Not on my watch Buddy....
mark0978
May 3 @ 3:38PM
So Electricman, those 3 videos you've posted here make you a criminal, glad to see you understand.....
electricman
May 3 @ 4:30PM
Um no I understand completely...What your friend is advocating is bigger government and the loss of the rights of the people to make choices for themselves over how their intellectual property is used...and as far as those three video's are concerned, I'm not responsible for them being on the internet. All I have done is draw attention to their existence there. What people do with them is their business. The underlying message your friend is advocating is Communism short and sweet...
mark0978
May 3 @ 8:30PM
No, electricman you don't get it. The very act of you ever watching them on your computer resulted in a copy being made on your computer which is currently ILLEGAL under copyright law.

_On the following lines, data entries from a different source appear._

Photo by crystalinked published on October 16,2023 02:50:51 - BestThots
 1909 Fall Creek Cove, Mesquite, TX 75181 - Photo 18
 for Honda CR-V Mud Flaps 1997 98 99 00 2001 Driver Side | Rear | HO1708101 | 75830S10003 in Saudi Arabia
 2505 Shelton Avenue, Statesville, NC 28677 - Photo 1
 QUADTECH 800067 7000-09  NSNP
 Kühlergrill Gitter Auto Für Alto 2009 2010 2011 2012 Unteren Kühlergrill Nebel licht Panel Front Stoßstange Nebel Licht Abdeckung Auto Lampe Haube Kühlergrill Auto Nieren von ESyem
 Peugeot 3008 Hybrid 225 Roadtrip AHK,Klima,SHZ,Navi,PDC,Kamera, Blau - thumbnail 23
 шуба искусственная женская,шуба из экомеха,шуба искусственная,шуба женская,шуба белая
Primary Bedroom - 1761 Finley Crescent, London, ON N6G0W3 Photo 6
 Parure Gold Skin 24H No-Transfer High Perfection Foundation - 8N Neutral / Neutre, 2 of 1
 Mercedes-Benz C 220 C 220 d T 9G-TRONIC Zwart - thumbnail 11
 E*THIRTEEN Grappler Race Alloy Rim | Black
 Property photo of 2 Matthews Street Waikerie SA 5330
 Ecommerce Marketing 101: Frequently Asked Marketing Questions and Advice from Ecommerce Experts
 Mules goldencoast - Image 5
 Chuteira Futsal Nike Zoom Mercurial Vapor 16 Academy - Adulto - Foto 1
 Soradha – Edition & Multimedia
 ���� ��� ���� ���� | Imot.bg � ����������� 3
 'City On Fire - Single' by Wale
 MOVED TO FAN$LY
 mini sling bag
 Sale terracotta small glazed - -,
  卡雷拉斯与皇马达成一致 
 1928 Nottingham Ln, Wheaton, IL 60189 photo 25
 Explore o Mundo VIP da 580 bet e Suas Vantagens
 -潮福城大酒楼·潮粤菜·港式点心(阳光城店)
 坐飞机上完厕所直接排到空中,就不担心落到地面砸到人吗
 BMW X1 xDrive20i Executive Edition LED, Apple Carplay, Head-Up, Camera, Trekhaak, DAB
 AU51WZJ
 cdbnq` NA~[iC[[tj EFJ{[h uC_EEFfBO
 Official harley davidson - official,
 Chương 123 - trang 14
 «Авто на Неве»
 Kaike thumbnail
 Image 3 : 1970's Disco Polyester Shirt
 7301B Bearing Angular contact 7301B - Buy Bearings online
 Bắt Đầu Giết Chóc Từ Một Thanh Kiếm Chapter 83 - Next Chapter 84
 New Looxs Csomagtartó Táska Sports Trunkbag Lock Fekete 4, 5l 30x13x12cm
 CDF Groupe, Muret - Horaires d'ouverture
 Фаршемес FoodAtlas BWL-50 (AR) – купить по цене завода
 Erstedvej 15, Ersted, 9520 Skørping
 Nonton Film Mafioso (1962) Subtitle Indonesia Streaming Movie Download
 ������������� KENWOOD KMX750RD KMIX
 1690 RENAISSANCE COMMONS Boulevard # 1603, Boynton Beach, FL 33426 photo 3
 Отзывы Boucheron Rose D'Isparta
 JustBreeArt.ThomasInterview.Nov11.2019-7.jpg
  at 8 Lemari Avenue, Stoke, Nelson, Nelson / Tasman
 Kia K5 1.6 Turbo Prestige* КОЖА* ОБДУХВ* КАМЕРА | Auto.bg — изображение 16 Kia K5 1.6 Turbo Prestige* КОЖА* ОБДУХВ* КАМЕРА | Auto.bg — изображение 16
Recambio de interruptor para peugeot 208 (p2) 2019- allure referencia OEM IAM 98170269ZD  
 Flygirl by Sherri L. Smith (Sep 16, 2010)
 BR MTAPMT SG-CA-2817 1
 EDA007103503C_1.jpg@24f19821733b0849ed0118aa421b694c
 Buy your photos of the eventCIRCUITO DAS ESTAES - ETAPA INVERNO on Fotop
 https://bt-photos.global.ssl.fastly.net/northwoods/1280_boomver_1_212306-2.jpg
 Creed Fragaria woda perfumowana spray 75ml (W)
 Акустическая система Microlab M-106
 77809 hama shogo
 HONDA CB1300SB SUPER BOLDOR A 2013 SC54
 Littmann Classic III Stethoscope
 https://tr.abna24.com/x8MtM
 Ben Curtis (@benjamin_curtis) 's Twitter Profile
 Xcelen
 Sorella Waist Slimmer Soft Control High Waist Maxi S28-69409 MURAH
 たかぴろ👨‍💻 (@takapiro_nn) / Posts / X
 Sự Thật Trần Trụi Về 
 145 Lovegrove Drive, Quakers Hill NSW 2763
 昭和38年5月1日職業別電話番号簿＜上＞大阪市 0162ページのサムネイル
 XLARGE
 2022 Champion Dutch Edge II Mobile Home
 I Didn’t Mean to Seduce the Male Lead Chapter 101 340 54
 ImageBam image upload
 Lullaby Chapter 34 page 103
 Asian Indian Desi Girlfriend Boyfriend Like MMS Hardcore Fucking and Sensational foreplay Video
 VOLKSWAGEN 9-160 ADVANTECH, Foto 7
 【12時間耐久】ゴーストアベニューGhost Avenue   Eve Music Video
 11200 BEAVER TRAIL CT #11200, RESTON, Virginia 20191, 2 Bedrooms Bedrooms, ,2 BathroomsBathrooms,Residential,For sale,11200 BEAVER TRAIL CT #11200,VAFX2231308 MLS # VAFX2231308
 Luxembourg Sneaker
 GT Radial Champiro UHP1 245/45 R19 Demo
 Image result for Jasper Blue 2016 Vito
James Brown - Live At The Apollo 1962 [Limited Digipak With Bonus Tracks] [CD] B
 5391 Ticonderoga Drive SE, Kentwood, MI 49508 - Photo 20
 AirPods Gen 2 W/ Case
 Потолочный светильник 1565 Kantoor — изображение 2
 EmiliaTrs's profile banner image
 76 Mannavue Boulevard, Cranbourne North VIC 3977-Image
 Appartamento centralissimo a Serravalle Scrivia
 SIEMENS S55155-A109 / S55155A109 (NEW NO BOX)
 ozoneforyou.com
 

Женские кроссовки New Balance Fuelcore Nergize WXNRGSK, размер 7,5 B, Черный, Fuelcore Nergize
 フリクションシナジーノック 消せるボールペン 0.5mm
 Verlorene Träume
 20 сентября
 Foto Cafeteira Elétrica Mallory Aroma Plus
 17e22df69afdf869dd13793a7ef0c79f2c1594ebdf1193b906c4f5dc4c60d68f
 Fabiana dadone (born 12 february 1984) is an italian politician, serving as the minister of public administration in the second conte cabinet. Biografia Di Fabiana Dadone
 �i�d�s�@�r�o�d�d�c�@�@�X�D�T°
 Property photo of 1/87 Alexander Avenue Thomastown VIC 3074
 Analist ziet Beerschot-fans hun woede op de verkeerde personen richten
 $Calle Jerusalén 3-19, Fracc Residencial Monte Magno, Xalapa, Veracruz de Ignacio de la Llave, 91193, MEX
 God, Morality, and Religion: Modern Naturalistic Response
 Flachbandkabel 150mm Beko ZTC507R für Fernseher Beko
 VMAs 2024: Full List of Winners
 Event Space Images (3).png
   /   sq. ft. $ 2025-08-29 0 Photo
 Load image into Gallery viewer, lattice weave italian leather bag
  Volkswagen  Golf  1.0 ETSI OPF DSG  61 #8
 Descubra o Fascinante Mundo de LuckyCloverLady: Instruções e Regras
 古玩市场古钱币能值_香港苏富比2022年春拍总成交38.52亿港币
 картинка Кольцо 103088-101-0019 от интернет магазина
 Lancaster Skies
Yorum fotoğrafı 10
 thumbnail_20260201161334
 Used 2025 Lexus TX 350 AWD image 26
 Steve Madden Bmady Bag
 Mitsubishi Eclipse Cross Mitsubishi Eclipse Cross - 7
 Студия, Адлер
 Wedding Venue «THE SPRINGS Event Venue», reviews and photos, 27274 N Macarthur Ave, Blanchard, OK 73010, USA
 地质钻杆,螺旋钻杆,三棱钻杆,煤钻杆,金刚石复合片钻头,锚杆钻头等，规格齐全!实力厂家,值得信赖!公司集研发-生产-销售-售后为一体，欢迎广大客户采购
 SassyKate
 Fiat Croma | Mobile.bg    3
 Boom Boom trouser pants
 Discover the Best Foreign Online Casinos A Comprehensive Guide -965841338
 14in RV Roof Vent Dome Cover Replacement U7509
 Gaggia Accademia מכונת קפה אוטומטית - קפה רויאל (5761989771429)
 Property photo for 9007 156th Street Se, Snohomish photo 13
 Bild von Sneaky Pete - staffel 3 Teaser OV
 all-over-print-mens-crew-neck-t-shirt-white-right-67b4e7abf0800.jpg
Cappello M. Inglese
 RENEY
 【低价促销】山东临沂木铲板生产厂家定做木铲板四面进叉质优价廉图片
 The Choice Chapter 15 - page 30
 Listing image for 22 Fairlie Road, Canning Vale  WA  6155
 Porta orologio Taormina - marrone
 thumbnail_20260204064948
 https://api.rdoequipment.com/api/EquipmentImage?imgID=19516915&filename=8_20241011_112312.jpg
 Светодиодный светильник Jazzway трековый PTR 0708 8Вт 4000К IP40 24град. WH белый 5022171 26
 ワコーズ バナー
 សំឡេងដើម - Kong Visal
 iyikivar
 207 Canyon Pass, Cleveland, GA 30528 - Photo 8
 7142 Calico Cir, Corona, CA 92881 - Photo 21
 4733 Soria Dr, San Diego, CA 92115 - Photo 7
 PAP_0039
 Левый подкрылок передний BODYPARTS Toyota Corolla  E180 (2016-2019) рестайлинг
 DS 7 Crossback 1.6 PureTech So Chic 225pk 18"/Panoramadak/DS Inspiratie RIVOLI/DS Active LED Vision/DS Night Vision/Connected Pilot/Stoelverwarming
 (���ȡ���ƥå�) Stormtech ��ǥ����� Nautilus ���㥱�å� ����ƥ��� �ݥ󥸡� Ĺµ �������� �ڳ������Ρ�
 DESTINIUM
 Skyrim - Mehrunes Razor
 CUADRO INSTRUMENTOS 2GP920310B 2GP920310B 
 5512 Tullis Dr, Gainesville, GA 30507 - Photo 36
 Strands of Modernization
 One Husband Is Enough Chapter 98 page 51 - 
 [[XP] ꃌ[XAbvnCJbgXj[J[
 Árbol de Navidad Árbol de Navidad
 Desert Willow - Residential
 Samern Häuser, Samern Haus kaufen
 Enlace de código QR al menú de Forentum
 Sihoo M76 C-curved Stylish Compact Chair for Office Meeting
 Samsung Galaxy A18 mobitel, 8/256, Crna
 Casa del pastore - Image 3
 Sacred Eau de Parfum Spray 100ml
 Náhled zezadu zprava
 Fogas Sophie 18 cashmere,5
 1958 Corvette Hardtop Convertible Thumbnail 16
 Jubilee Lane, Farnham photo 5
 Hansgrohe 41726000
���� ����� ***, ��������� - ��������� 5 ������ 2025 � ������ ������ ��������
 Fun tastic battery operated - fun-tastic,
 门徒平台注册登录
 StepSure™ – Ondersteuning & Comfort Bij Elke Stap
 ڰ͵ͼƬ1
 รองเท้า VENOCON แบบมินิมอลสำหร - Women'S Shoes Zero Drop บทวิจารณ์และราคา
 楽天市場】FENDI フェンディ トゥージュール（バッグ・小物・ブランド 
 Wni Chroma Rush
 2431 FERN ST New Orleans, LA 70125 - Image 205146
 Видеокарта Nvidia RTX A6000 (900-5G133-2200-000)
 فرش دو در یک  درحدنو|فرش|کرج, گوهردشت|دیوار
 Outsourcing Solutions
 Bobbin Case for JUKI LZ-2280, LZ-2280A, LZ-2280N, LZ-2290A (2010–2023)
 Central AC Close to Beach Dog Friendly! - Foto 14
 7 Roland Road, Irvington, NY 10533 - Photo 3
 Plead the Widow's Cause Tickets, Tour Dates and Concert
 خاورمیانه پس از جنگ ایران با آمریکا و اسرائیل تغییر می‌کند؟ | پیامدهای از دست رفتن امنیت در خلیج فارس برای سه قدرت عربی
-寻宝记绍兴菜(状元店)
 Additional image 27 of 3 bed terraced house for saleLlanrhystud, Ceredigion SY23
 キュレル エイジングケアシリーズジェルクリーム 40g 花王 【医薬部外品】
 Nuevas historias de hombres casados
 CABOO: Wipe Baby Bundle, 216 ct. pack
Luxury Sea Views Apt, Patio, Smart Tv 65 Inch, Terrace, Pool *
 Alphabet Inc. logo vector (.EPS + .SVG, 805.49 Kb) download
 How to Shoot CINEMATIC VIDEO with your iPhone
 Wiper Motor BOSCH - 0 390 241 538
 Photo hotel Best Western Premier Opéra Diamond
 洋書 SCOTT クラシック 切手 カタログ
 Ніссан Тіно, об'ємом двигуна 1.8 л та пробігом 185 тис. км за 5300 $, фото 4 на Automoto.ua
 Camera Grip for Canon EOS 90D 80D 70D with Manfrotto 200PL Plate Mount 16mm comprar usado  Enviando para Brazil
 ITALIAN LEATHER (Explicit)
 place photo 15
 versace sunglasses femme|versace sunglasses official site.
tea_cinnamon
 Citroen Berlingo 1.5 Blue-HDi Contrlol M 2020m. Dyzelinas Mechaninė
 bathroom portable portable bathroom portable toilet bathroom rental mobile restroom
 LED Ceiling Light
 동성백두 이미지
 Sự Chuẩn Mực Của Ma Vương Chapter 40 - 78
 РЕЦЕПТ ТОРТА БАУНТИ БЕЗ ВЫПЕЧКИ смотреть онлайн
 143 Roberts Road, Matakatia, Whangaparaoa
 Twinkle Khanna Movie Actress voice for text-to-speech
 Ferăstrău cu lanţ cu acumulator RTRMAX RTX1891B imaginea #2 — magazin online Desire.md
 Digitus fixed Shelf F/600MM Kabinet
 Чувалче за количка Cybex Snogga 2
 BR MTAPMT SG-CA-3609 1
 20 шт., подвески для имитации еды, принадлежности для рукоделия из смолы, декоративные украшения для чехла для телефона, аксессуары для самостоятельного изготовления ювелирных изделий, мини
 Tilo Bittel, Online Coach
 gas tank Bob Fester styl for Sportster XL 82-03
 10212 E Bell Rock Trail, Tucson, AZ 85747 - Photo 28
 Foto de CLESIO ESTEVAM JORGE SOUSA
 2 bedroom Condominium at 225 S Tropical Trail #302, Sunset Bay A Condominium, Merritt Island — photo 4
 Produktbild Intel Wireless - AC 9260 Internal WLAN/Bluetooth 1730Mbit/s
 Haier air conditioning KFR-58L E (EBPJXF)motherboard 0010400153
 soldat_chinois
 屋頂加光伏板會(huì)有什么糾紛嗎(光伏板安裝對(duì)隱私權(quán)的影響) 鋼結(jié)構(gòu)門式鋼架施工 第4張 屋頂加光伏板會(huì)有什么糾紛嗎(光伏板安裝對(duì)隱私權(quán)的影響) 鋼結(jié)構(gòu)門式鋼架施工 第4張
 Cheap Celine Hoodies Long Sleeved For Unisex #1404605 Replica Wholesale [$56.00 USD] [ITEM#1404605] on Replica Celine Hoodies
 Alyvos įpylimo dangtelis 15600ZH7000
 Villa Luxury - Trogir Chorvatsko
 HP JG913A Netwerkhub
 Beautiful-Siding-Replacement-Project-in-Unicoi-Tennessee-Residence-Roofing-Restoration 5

But that is only the tip of the iceberg. Why is it that someone that creates a work today should continue making money off of that creation in perpetuity? What is copyright for? To make people fabulously wealthy or to encourage creative works.?
Key laws regulating U.S. copyrights and their key effects include:
* Copyright Act of 1790 - established U.S. copyright with term of 14 years with 14-year renewal
* Copyright Act of 1909 - extended term to 28 years with 28-year renewal
* Copyright Act of 1976 - extended term to either 75 years or life of author plus 50 years; extended copyright to unpublished works; preempted state copyright laws; codified much copyright doctrine that had originated in case law
Without a public, there is no point in copyright. An author cannot make a living writing books or music for one person (unless that person is very rich). Yet we have gone time and again away from the point of copyright. How in the world can it benefit the public to allow someone an exclusive right to something that is intangible for their entire life + 50 years? How does that encourage creativity? No one else is afforded this right, you go to your job and work your hours, you get paid. The person that paid you uses the output of your labor for the next n years, but they don't pay you for that work every day for the next n years. Copyrights last too long, and in the current digital age, the very law itself is flawed because it outlaws the physical making of a copy of the work which prevents you from even viewing this post or that movie.
Copyrights don't need to be abolished, but they need to take into account the value of the public on their very existence. Patents which are used to build machinery are only granted 20 years and they expire with NO chance for renewal precisely because we saw the fact that a perpetual patent on an idea is stifling to future progress for the public. Ideas are not even tangible, and currently copyrights lock up ideas for years and years and years.
Walt Disney made his first movies on the back of works that had passed into the public domain. Snow White, Steamboat Willie, Cinderella, all of those were his take on stories and music that had they been copyrighted could have prevented one of the largest content creators in the country from even being started.
It might be wrong for me to make copies of the latest hits on the radio and sell those to other people pocketing the funds from the sales and depriving the creator from enjoying the income from their work, but in the same way, it is wrong for them to prevent other people from deriving new works from their creations.
If you actually watched the video you would understand that this is something that isn't as cut and dried as "Not on my watch". But ignorance and stupidity are never in short supply.
ttomtarr
May 3 @ 8:48PM
That's what he thinks. Why not write a blog about what you think?
Showing yoursel is what blogging is all about.
ceecee1952
May 4 @ 12:23AM
One needs a bit of patience to get to the guts of the video. Thank-you for sharing. Copyright is a huge digital issue and has ramification as it tries to balance between protecting the creative person and allowing for public benefit. This video also explains it and might help.
http://www.youtube.com/watch?v=CJn_jC4FNDo
ty for the post
misschoos
May 4 @ 11:20AM
I'm with Tom and Spirit -
It was too boring to listen to and I'd rather hear you tell what it was about.